(Stored data)
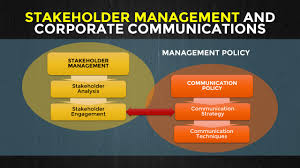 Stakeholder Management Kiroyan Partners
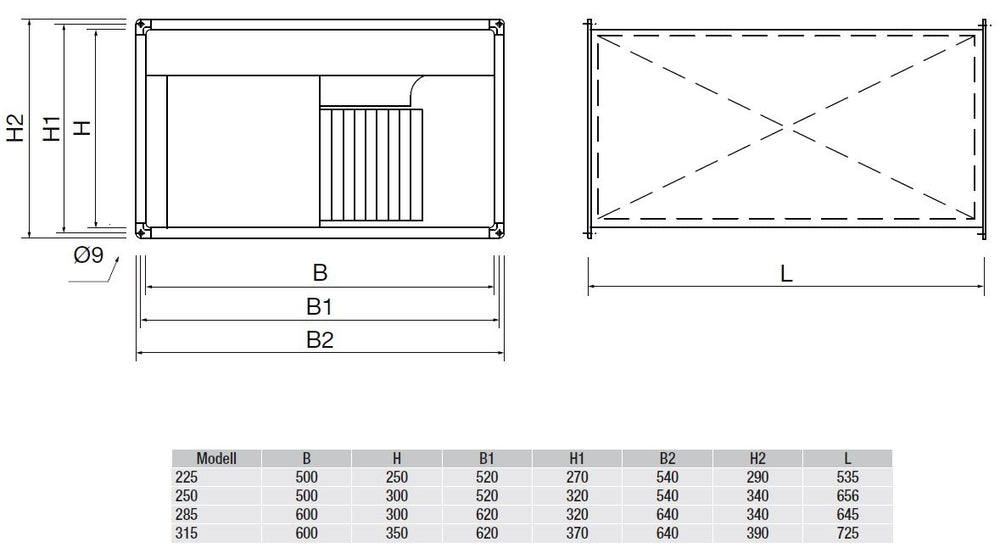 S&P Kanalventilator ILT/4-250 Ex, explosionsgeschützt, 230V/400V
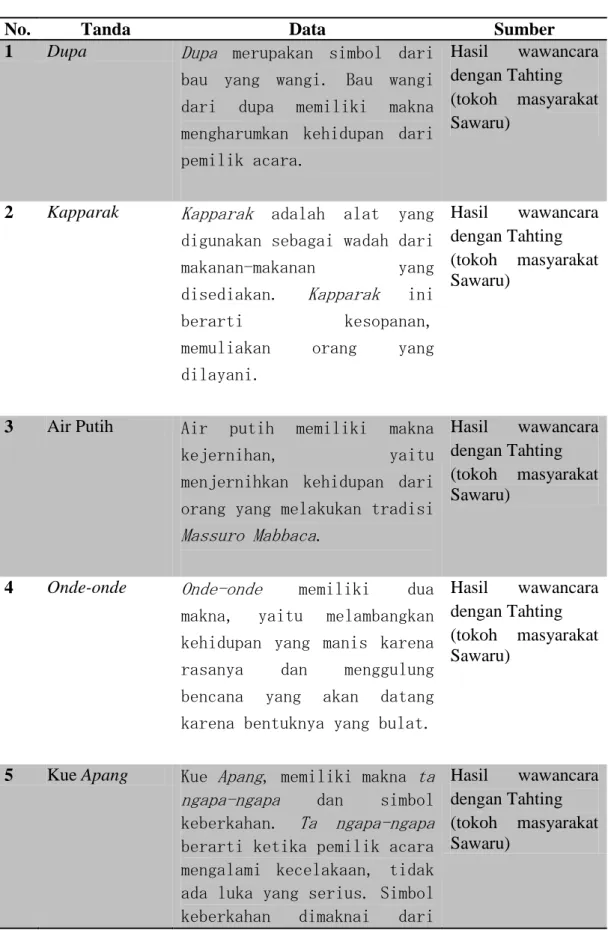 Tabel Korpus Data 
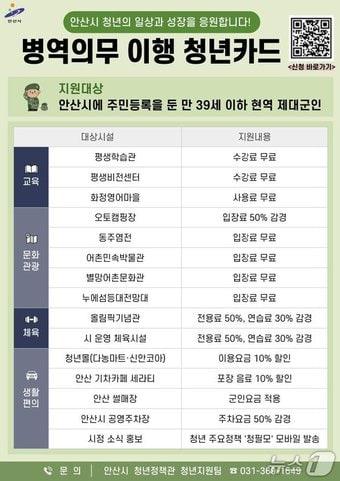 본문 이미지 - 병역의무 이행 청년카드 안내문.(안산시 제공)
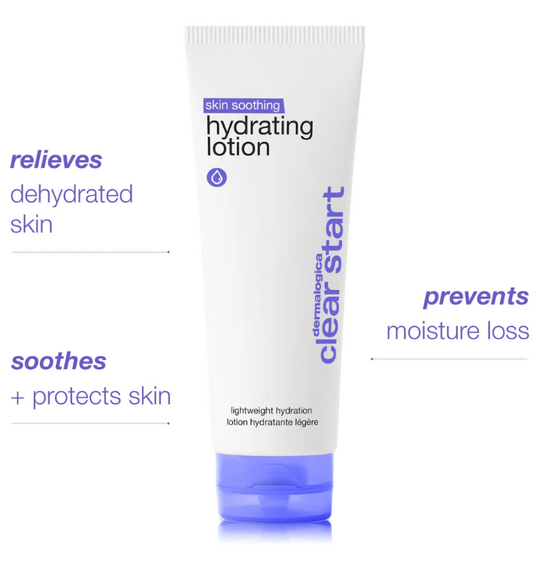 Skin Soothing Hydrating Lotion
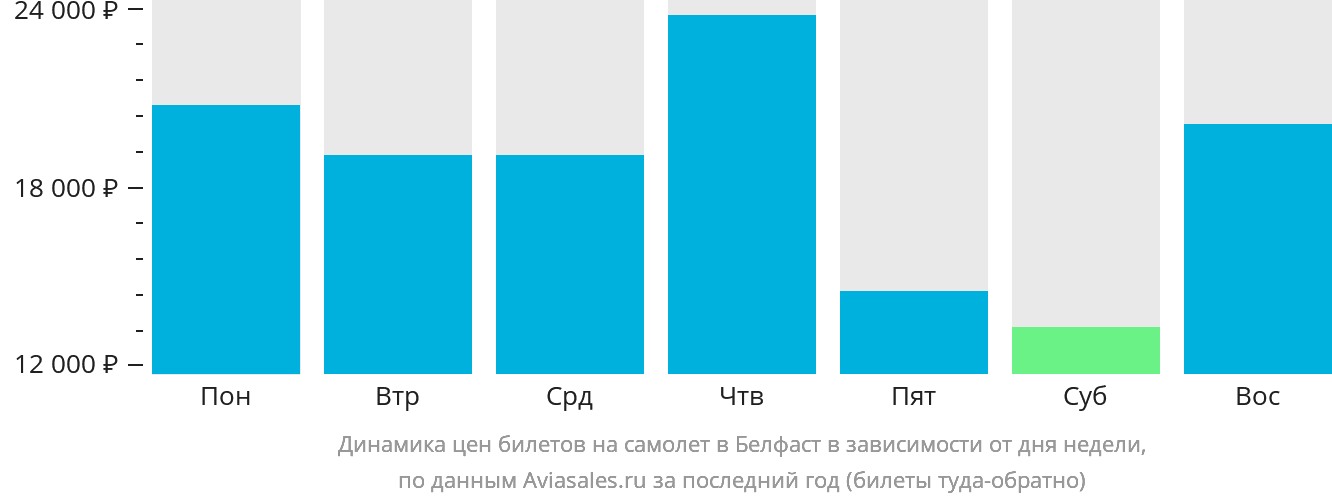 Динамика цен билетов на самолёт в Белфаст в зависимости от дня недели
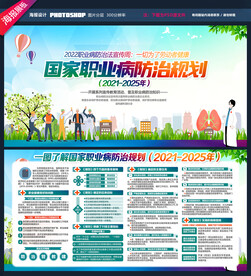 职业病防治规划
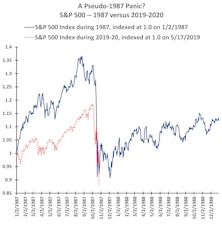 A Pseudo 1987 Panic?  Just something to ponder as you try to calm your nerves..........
(End Stored data)
(Stored data)
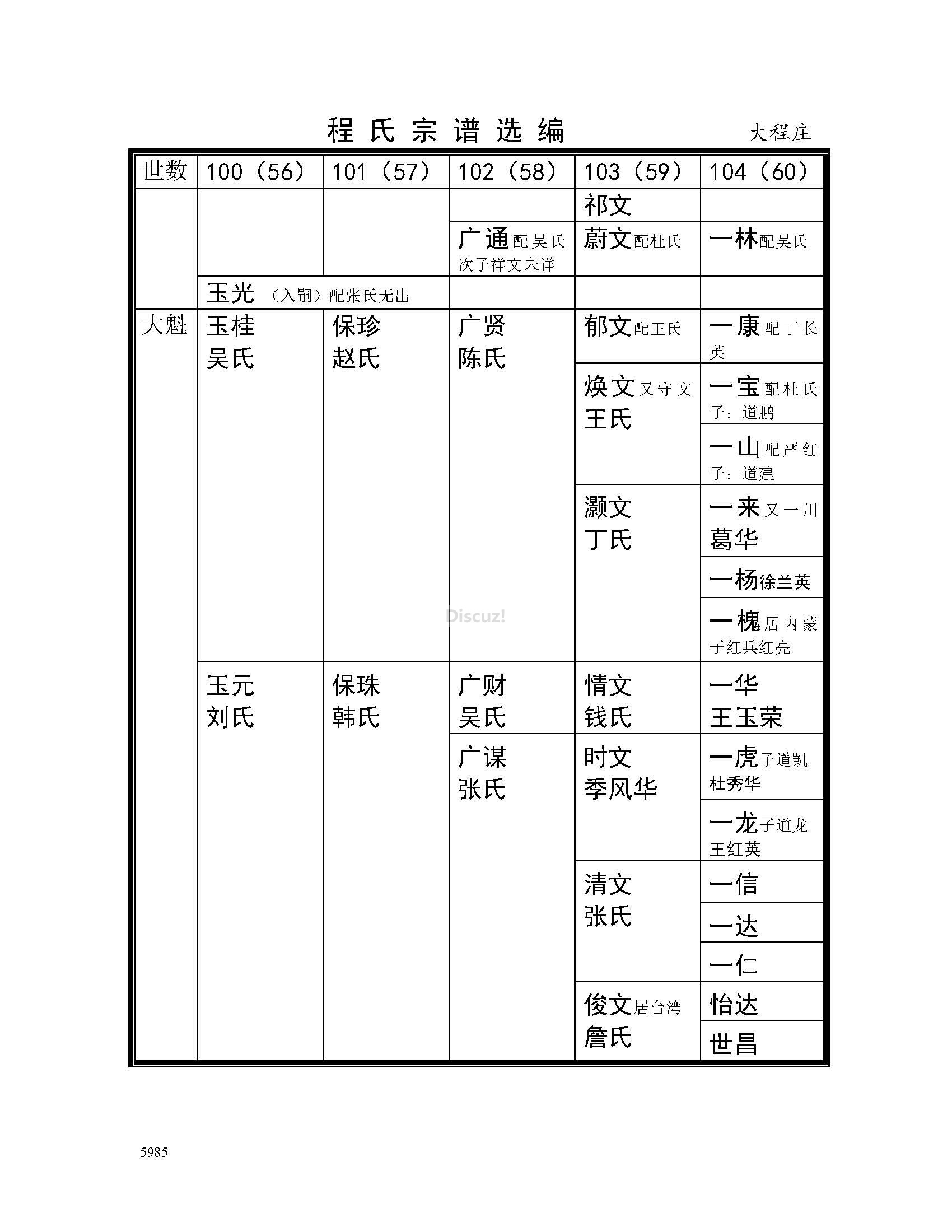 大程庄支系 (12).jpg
(End Stored data)
- **Exercise instructions**
For this exercise, set down the lines in the entries above from the one with "S&P Kanalventilator ILT/4-250" through the one with "A Pseudo 1987" exactly as written, without any pictures.

- **Output for this task**
 S&P Kanalventilator ILT/4-250 Ex, explosionsgeschützt, 230V/400V
 Tabel Korpus Data 
 본문 이미지 - 병역의무 이행 청년카드 안내문.(안산시 제공)
 Skin Soothing Hydrating Lotion
 Динамика цен билетов на самолёт в Белфаст в зависимости от дня недели
 职业病防治规划
 A Pseudo 1987 Panic?  Just something to ponder as you try to calm your nerves..........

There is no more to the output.